▶ _What the exercise asks_:
What is needed is a word-for-word restatement of all the entries.

___

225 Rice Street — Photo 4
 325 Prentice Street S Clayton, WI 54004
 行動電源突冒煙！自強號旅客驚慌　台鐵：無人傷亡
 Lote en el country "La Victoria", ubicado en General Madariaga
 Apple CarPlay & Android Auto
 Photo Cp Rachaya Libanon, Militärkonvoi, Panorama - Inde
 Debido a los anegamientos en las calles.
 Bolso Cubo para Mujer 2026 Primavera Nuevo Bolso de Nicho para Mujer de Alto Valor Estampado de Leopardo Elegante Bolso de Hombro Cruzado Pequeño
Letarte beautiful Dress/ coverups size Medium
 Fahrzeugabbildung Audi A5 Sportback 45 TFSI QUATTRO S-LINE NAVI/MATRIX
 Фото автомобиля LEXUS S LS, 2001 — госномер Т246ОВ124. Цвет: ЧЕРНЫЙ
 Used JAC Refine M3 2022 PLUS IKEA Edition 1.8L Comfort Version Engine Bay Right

___

▶ _Exercise answer_:
225 Rice Street — Photo 4
 325 Prentice Street S Clayton, WI 54004
 行動電源突冒煙！自強號旅客驚慌　台鐵：無人傷亡
 Lote en el country "La Victoria", ubicado en General Madariaga
 Apple CarPlay & Android Auto
 Photo Cp Rachaya Libanon, Militärkonvoi, Panorama - Inde
 Debido a los anegamientos en las calles.
 Bolso Cubo para Mujer 2026 Primavera Nuevo Bolso de Nicho para Mujer de Alto Valor Estampado de Leopardo Elegante Bolso de Hombro Cruzado Pequeño
Letarte beautiful Dress/ coverups size Medium
 Fahrzeugabbildung Audi A5 Sportback 45 TFSI QUATTRO S-LINE NAVI/MATRIX
 Фото автомобиля LEXUS S LS, 2001 — госномер Т246ОВ124. Цвет: ЧЕРНЫЙ
 Used JAC Refine M3 2022 PLUS IKEA Edition 1.8L Comfort Version Engine Bay Right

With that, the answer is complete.